Between two new copper smelters opening up next year, India will need 1.4 million tonnes of copper concentrate that will have to be shipped from other countries, almost exclusively from South America.
But the two leading copper producers, Chile and Peru, are having problems meeting production targets due to a combination of global warming, declining ore grades (Chile) and social unrest (Peru).
In Panama, widespread opposition to First Quantum Minerals’ Cobre Panama mine prompted the government to shut it down. First Quantum is taking the country to the International Court of Arbitration to obtain damages for the forced closure. 400,000 tonnes of annual production has vanished.
Now add the 1.4 million tonnes of copper required by India to be used by two new copper smelters opening next year. The result is 1.8 million tonnes of copper that is not coming to the West and should therefore be excluded from global supply.
The Biden administration’s three signature pieces of legislation — the Inflation Reduction Act, the Bipartisan Infrastructure Law and the CHIPS and Science Act — are costing trillions.
Remember though, that most of this promised money has yet to be spent. When the promises finally translate to shovels in the ground, that will mean thousands of tonnes of additional copper demand, for things like smart grids, nuclear power plants, electric vehicles and EV charging station, and blacktop infrastructure.
Copper is already facing major supply challenges, including strikes, resource nationalism, global warming (droughts, water shortages), declining ore grades, depleted orebodies, a lack of new mines, and regulatory delays in building new ones.
Moreover, the current copper price is too low to incentivize new mines.

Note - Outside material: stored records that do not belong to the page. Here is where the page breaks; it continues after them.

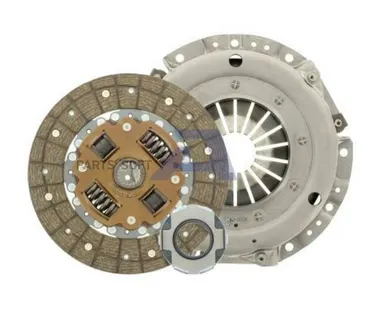 фото AISIN KM-008 Ком/кт сцепления [200 mm]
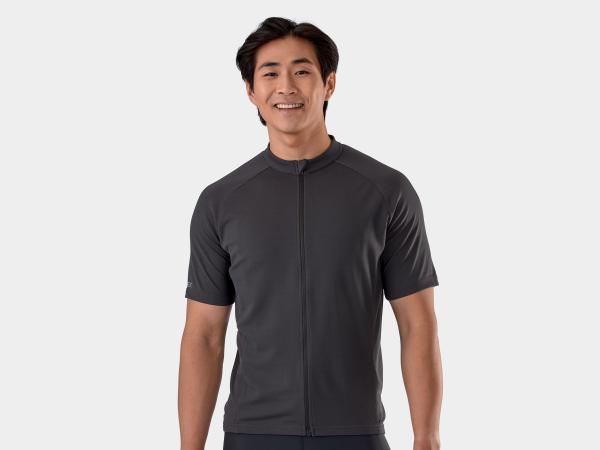 Kategorie Trikot, Jacken & Jersey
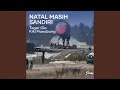 Download Lagu Natal Masih Sandiri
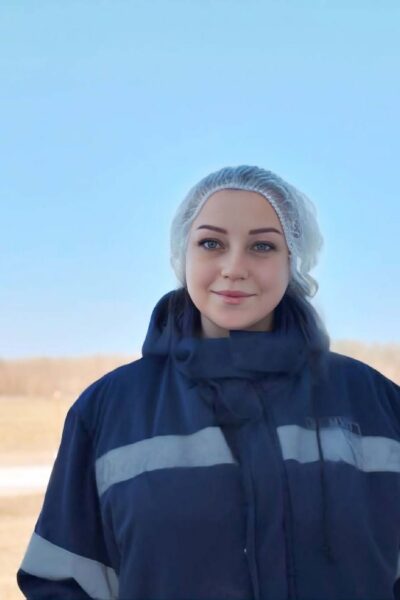 Тульчин Онлайн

Asian countries are switching to ore imports as they expand refinery/ smelting capability. This does not bode well for Western copper supplies. Remember, for the foreseeable future, copper supply is 80% concentrated in just five mines, all of which have major off-take agreements with South Korea, Japan or China. For instance, 100% of the massive Kamoa mine’s offtake will go to China.
As for producing copper domestically, the Canadian and US governments haven’t made it any easier for copper mining companies. About half of America’s scrap metal is sent overseas for processing because the country doesn’t have enough smelters. The Biden administration has prevented or stood in the way of new mining properties in Minnesota, Arizona and Alaska. Even when mines are green-lighted, in North America it can take up to 20 years to get from discovery to production.
Commodity analyst predictions are usually wrong about copper supply, often predicting a glut in the market for the ubiquitous metal used in everything from piping and wiring in houses, to electrical transmission lines to components of electric vehicles.
Every year there are between 800,000 and 1 million tonnes of copper that fails to make it from mine to market. When we add this “missing” copper to the 1.8 million tonnes of copper that has already disappeared from the global copper market, we get between 2.6 and 2.8 million tonnes of under-supply, the equivalent of roughly 12% of global copper supply. (2022’s mine supply = 22Mt)
Wood Mackenzie analysts estimate a 6-million-ton shortfall by next decade, meaning six Escondida-sized mines would need to come online within that period — this is 100% NOT going to happen, not even close.
A report by another consultancy, McKinsey, found that electrification is projected to increase annual copper demand to 36.6 million tonnes by 2031, with supply projections offering a pathway to 30.1Mt, leaving 6.5Mt of capacity to be found.
I pose the question: Where are we going to find the copper?